Take the bottom of the seventh. Carlos Delgado had just driven in Nick Evans to tie a loopily entertaining Mets-Braves tilt at 4-all. (As you might expect, more on that in a moment.) Now, Julian Tavarez was in and Fernando Tatis was up. He crushed a 1-0 pitch to left, where it zipped into the glove of Omar Infante a couple of steps from the fence. A young guy in the bleacher area's slot in the outfield wall had apparently been yelling something at Infante, grinning to take away whatever edge his words might have carried. Infante let his momentum carry him nearly all the way to the guy's face, brandishing the ball he'd caught. He was grinning too. It was the kind of moment you don't see enough, and it was pretty cool.

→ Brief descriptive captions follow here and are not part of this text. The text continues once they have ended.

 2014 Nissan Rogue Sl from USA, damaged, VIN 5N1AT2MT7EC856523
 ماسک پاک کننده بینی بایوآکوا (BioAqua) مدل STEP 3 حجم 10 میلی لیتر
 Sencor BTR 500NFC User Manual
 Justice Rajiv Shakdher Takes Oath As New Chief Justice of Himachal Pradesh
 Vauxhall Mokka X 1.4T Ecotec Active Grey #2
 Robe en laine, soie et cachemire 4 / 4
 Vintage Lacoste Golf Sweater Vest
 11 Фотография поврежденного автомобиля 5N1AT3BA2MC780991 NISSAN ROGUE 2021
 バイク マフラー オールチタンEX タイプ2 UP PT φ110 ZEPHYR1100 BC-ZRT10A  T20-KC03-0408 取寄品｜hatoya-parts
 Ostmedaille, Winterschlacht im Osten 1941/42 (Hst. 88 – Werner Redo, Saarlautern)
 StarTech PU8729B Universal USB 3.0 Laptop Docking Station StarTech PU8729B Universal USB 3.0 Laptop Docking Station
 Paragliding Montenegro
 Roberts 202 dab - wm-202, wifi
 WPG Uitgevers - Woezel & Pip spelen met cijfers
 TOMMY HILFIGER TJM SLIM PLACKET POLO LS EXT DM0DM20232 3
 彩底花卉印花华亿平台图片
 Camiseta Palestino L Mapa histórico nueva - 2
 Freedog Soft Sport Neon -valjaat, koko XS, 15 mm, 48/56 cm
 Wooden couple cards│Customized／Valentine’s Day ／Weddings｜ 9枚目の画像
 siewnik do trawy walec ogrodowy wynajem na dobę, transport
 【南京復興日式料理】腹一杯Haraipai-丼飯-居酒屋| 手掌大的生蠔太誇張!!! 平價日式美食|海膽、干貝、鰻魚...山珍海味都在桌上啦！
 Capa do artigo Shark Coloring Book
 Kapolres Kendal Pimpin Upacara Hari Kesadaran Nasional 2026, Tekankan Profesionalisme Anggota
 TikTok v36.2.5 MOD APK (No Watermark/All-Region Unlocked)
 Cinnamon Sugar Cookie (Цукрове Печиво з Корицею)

But Dame Fortune didn't agree. She began to weave her web.

We have six more to play against the Braves, so your chronicler will recite no eulogies for them, for fear of getting a little spittle in the aforementioned Mistress of Baseball's eye. Nor will you hear any triumphant braying about the prospects of the orange and blue -- besides the fact that that shit's for Yankee fans, last September will keep me woof-free until CitiField's days are numbered. But it's simple truth to observe that the Mets just played one of those charmed-life series against their old foes, one in which we got every big hit, every steely-eyed at-bat and every lucky bounce while they got absolutely nothing. We're not this good and they're not this bad, but sometimes baseball rules that you are and they are -- and while that's decree is in delirious effect, you enjoy every single marvelous moment.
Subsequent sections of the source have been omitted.